The civilian XA Pro 3D Mid GTX was designed as a trail running shoe - grippy, waterproof, with a mid height to provide ankle protection and reduce the amount of debris entering the shoe. The XA Pro Mid 3D Forces comes in both GTX and non-GTX versions, and with a different outsole than the civilian version. It's not a shortened version of the Quest, but a different shoe altogether.

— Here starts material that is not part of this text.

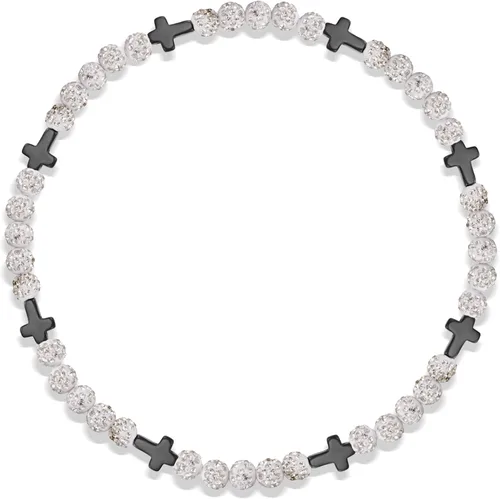 Miniatura 27 de Collar de béisbol con cuentas, cadena de cuerda deportiva ajustable con dije de cruz de béisbol, gran regalo de goteo de béisbol para jugadores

Boot uppers - I've owned a pair of XA Pro 3D Ultra 2GTX shoes for a couple of years, which are essentially the lower cut version of the XA Pro Mid Forces. I had a lot more miles on the civilian version, so I'll use it as a comparison here. The Mid Forces uses a combination of anti-debris mesh textile and smooth synthetic leather for the upper. The upper textile is thinner than that used on the Quest 4D Forces, which is more like Cordura nylon, so I'm assuming that the material on the XA Pro would be slightly less abrasion resistant. It's a compromise to save weight. The 'synthetic leather' accents also provide much of the structure and protection of the boot upper. The boot upper is lightly padded around the heel and ankle for protection and comfort.
The boot upper is protected from bumps by a rubber toe cap in the front, and a plastic heel guard (which is part of the midsole). The heel guard is lower than on the Quest. The collar dips down about 1.5" at the rear of the ankle, and is comfortably padded to protect the ankle bones from impact. My size 9 boot measures 6" measured from the floor to the side of the boot; the tongue extends further up.
The inside of the XA Pro Mid has a wicking polyester mesh lining to absorb and disperse excess moisture. The inside of the collar and upper part of the tongue is lined with mesh. The heel is lightly padded to prevent hot spots and abrasions in the heel.
The tongue is nicely padded to distribute lace pressure and is constructed out of nylon fabric. It's gusseted up to the top the 2nd eyelet to keep debris out of the boot. The XA Pro Mid has Salomon's Quicklace™ system, which they use on quite a few of their shoes. The Quicklace system is a minimalist system using a very thin but strong Kevlar lace, designed for 'one-pull' tightening. The Quicklace systems come in two types - assymetrical (as on the XA 3D Ultra low) and symmetrical (on the XA Pro Mid).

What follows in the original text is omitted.